Ngaksama, memohon tirtha pabersihan, palukatan, dan tirtha prayascitta


Ksama Puja:


Tangan  didepan hulu hati dengan sikap deva pratistha:

Bunga   : Om Puspa Danta ya namah svaha (dalam hati)
Om Ksamasva mam Mahadeva
Sarva Prani Hitankara
Mamoca Sarva Papebhyah
Phalayasva Sadasiva
Om Papo`ham Papa Karmaham
Papatma Papa Sambhavah
Trahimampundharikaksah
Kenancit Mama Raksantu
Om Ksantavyah Kayiko Dosah
Ksantavyo Vaciko Mama
Ksantavyo Manaso Dosah
Tat Pramadat Ksamasva mam

Om Hinaksaram Hina Padam
Hina Mantram Tataivaca
Hina Bhakti Hina Vrddhim
Sadasiva Namo’stute

Om Mantra Hina Kriya Hinam
Bhakti Hinam Mahesvara
Yat Pujitam Mahadeva
Paripurnam Tad Astu me

Bunga di buang ke depan Memohon tirtha pabersihan, palukatan, Apsu Deva

Tangan didepan hulu hati dengan sikap deva pratistha

Bunga   : Om Puspa Danta ya namah svaha (dalam hati)
Om Apsudeva Pavitrani
Gangga Devi Namo’stute
Sarva Klesa Vinasanam
Toyane Parisuddhaya Te
Sarva Papa Vinasini
Sarva Roga Vimocane
Sarva Klesa Vinasanam
Sarva Bhogam Avapnuyat

Masukkan bunga ke tempat tirtha

Pancaksaram

Tangan didepan hulu hati dengan sikap deva pratistha

Bunga   : Om Puspa Danta ya namah svaha (dalam hati)
Om Pancaksaram Maha Tirthan Pavitram Papanasanam
Papa Koti Sahasranam
Agadham Bhavet Sagaram


Om Pancaksaram Param Brahma,
Pavitram Papanasanam
Parantam Parama Jnanam
Siva Lokam Pratam Subham


Om Namo Siva Iti Yo Yam
Para Brahma Atmane Devanam
Para Sakti Panca Deva
Panca Rsi Bhavet Agni


Om A Karasca U Karasca,
Ma Kara Vindu Nadakam
Pancaksaram Maya Protam
Om Kara Agni Mantranke ya namah svaha

Masukkan bunga ke tempat tirtha

Gangga Stava

Tangan didepan hulu hati dengan sikap deva pratistha

Bunga   : Om Puspa Danta ya namah svaha (dalam hati)
Om Gangga  Sarasvati Sindhu
Su-Yamuna Godhavari Narmada Kaveri Sarayu Mahendra Tanaya
Carmanvati Venuka
Om Badhra Netra Vati Mahasuranadi
Kyatancaya Gandhaki Punyah Purna  Jale Samudrah Sa Hetangkur Watu Te Manggalam ya namah svaha

Masukkan bunga ke tempat tirtha

Pasupati Puja

Doa ini digunakan untuk memberikan energi pada air supaya memiliki kekuatan yang sangat ampuh untuk menghidupkan air sehingga memiliki kekuatan illahi.

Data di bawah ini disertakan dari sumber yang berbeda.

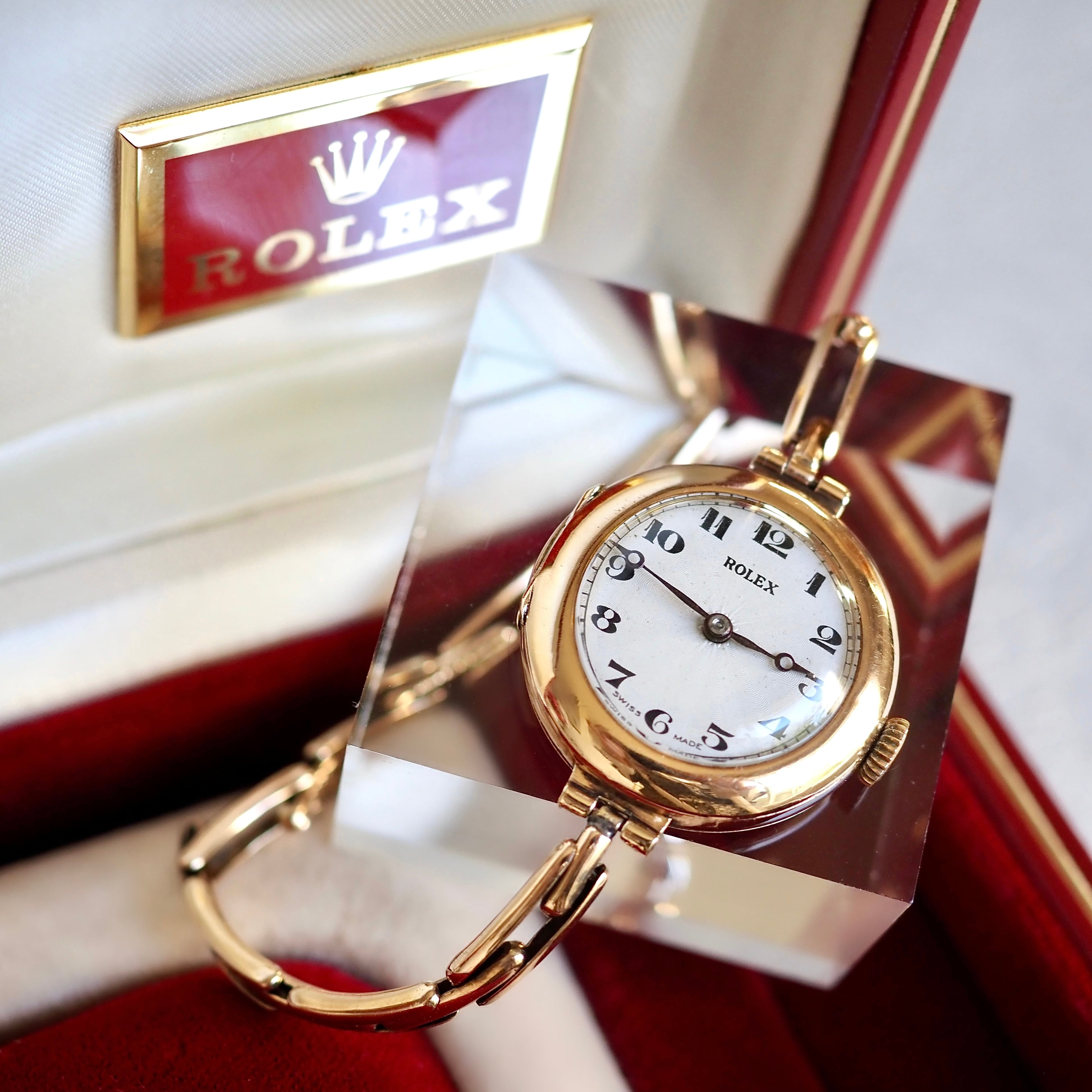 OH済 希少 ロレックス 英国製 金無垢 YG アンティークウォッチ OH済 希少 ロレックス 英国製 金無垢 YG アンティークウォッチ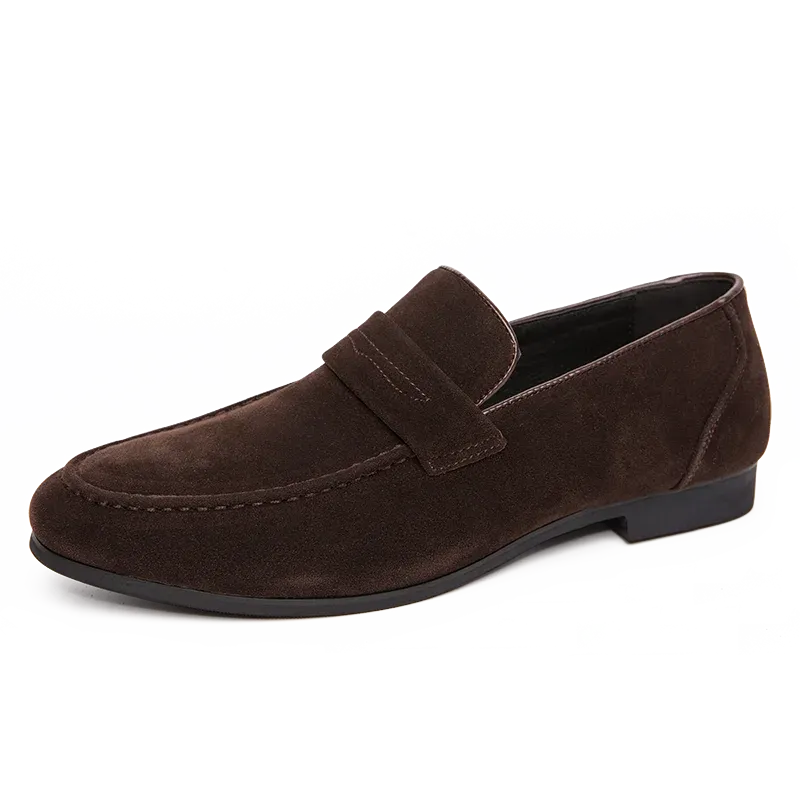 Mocassins respirants effet daim pour hommes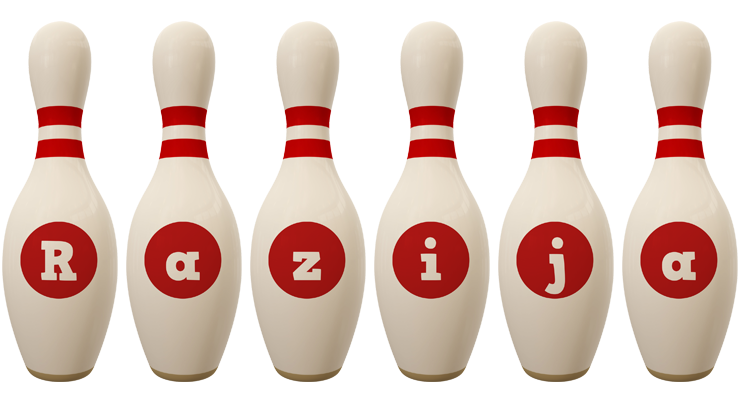 Razija bowling-pin logo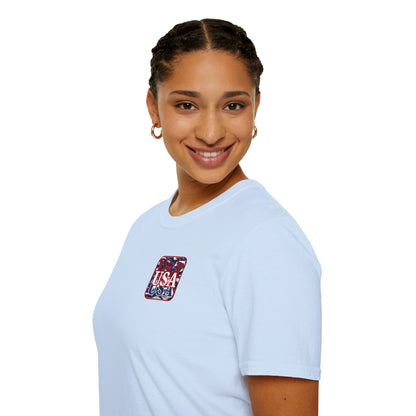 2 - sided Red WHITE and Blue USA Patriot LTcolors Unisex T-Shirt by cypherpunkgear – cypherpunkgear.com | Cypherpunk Merch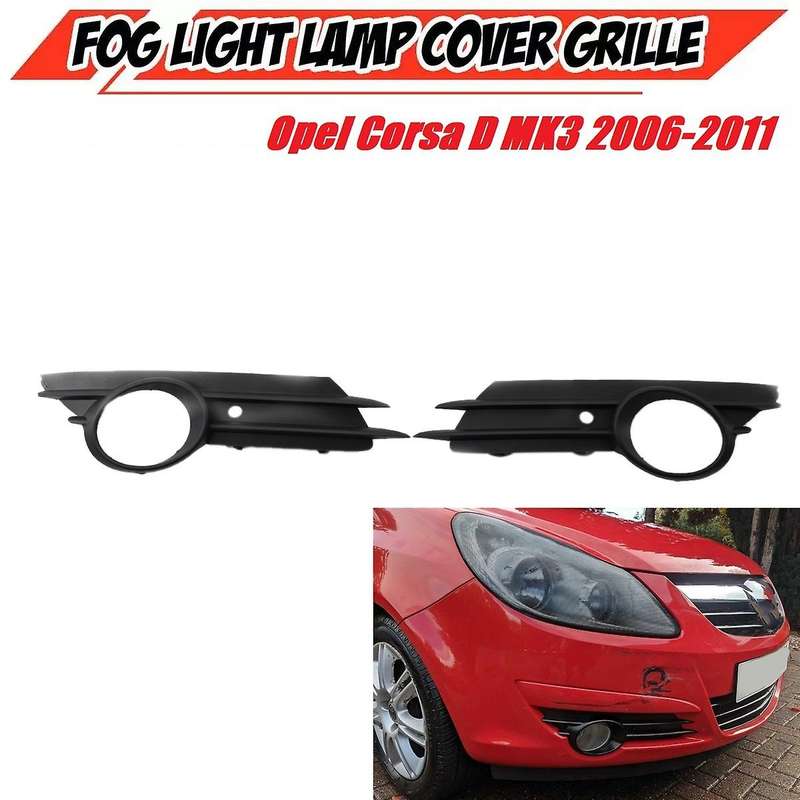 2X Car Front Fog Light Lamp Grille Cover Front Bumper Grill for Opel D MK3 2006-2011 13229484 132294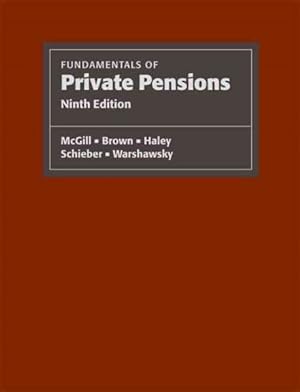 Bild des Verkufers fr Fundamentals of Private Pensions zum Verkauf von GreatBookPricesUK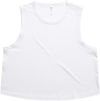Am image of a Custom AS Colour Womens Martina Crop Tank in White!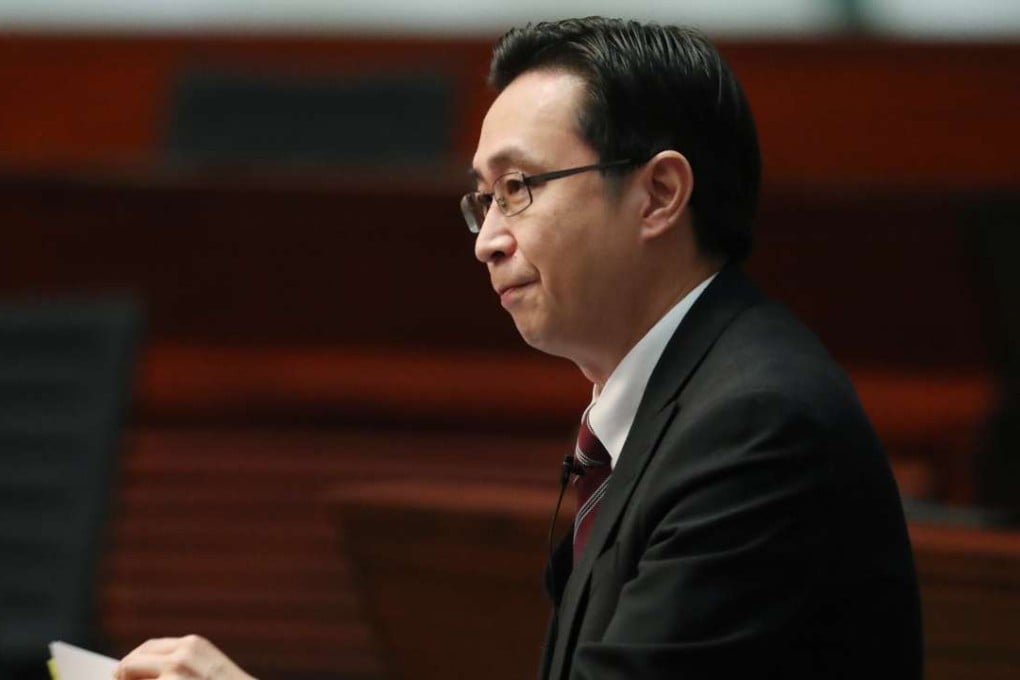 Secretary for Development Eric Ma Siu-cheung warned that if slope maintenance projects were stopped because of a lack of funds, it could pose safety hazards. Photo: Nora Tam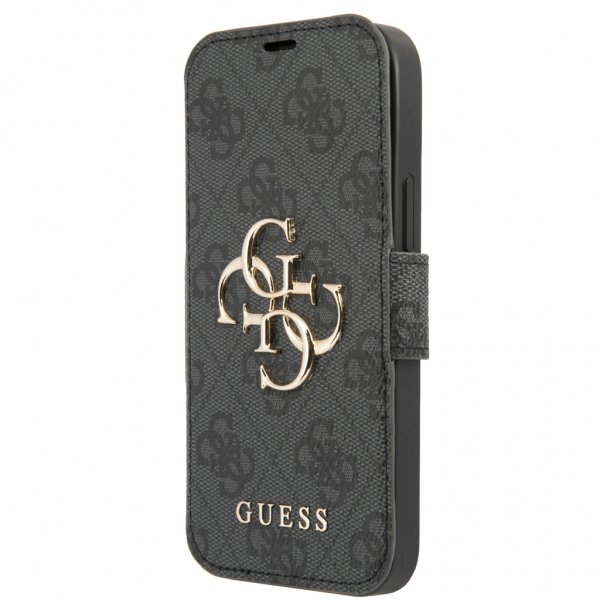 Guess iPhone 13 Mini Fodral Metal Logo Grå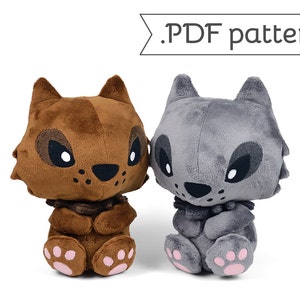 Werewolf Wolf Monster Lycan Lycanthrope Plush Sewing Pattern .pdf Tutorial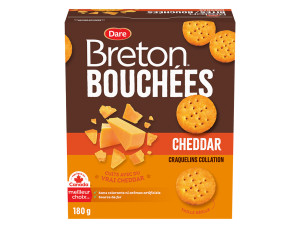 Packaging for  Bouchées <br>Cheddar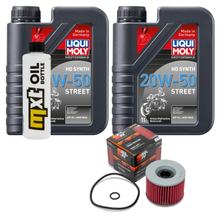 Paquete de inspección 2L 20W-50 + filtro de aceite + 1x bujía para Suzuki UH Burgman 200 ccm Año 2007
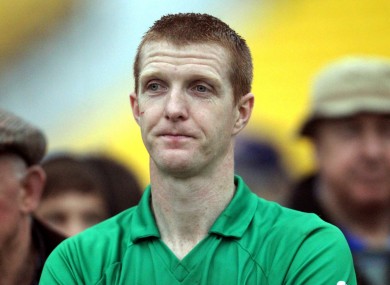 Ballyhale Shamrocks' Henry Shefflin dejected after their recent Kilkenny SHC final replay loss to James Stephens.
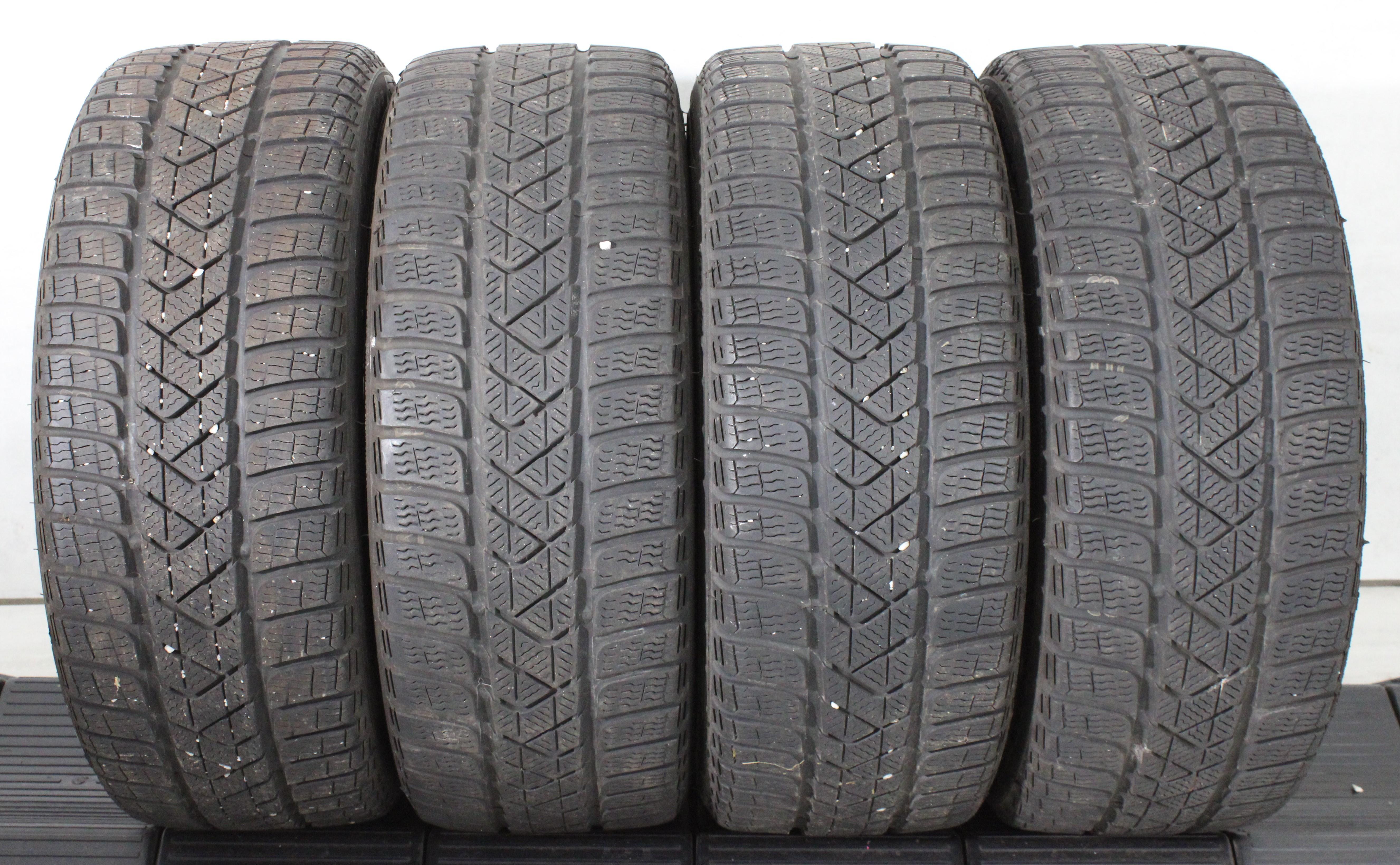 4 x 205/40R17 84H Winterreifen Pirelli Sottozero 3 1x5-5,5mm/2x5,5-6mm/1x6-6,5mm 2019
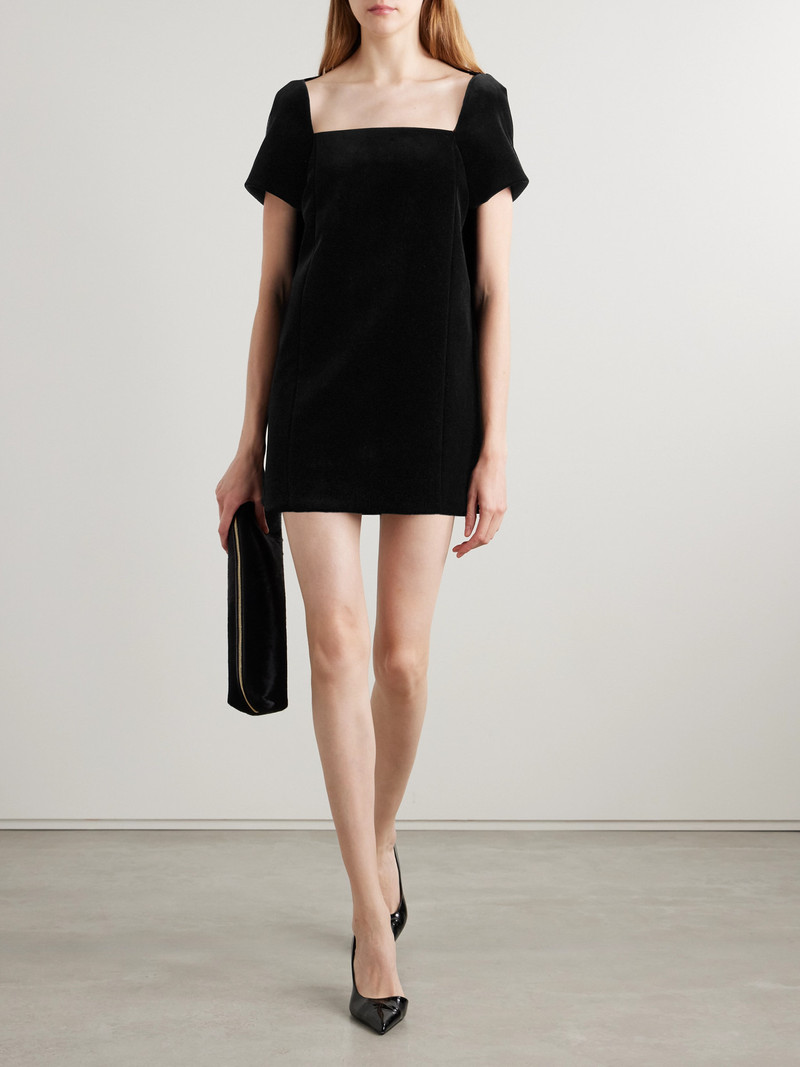 KHAITE Benji Velvet Mini Dress outlook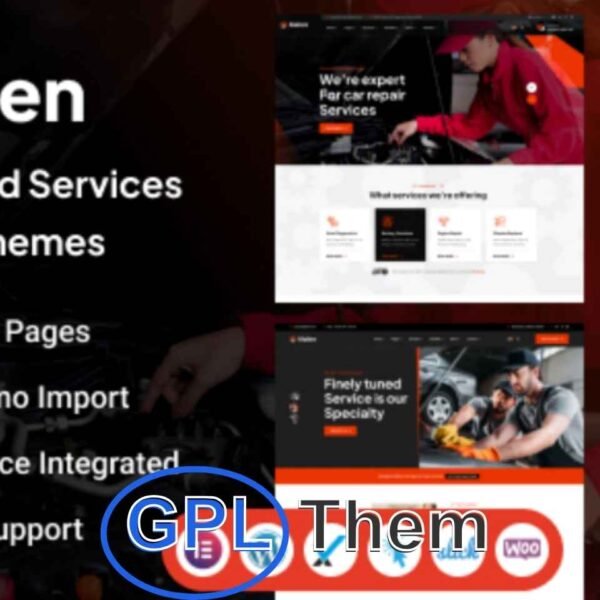 Malen – Car Service & Auto Repair WordPress Theme Malen is a professionally designed WordPress theme built for automotive repair shops, car service centers, auto mechanics, and vehicle maintenance businesses.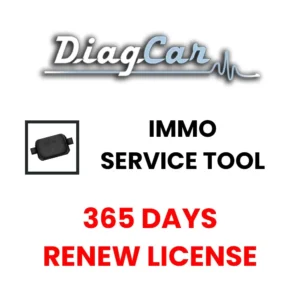 Outil de service DiagCar IMMO, renouvellement de licence 365 jours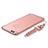 Custodia Lusso Metallo Laterale e Plastica Cover con Cordoncino per Huawei Honor Play 7X Oro Rosa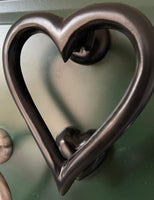 Heart Shaped Door Knocker (Black):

Tangan didepan hulu hati dengan sikap deva pratistha

Bunga   : Om Puspa Danta ya namah svaha (dalam hati)
Om Sang Hyang Pasupati Ang Ung Mang ya namah svaha
Om Brahma Astra Pasupati ya namah svaha
Om Wisnu Astra Pasupati ya namah svaha
Om Rudra Astra Pasupati ya namah svaha
Om Isvara Astra Pasupati ya namah svaha
Om Ya namah svaha


Om Sang Hyang aji Sarasvati
Tumurun Maring Surya Chandra
Angawe Pasupati Mahasakti
Angawe Pangurip Maha Sakti
Angurip Sahananing Raja Karya
Teka Urip Teka Urip Teka Urip
Om Sang Hyang Akasa Pertivi Pasupati Angurip tirtha……….
Om Eka Vastu Vignam Svaha

Masukkan bunga ke tempat tirtha


Mantra Prayascita

Mantra Pangeresikan

Pangeresikan dipegang dengan kedua tangan didepan hulu hati

Om asta sastra empu sarining visesa
Tepung tawar amunahaken angilangaken sahananing sebel kandel
Cuntakaning pebhaktyaning hulun
Om sanut sang kala pegat
Pegat rampung sahananing visesa
Om shri Devi bhatrimsa yogini ya namah
Om gagana murcha ya namah svaha.

Isi pengeresikan ditaburkan ke depan (arah Banten)


Air
Tangan didepan hulu hati dengan sikap deva pratistha

Bunga   : Om Puspa Danta Ya namah svaha (dalam hati)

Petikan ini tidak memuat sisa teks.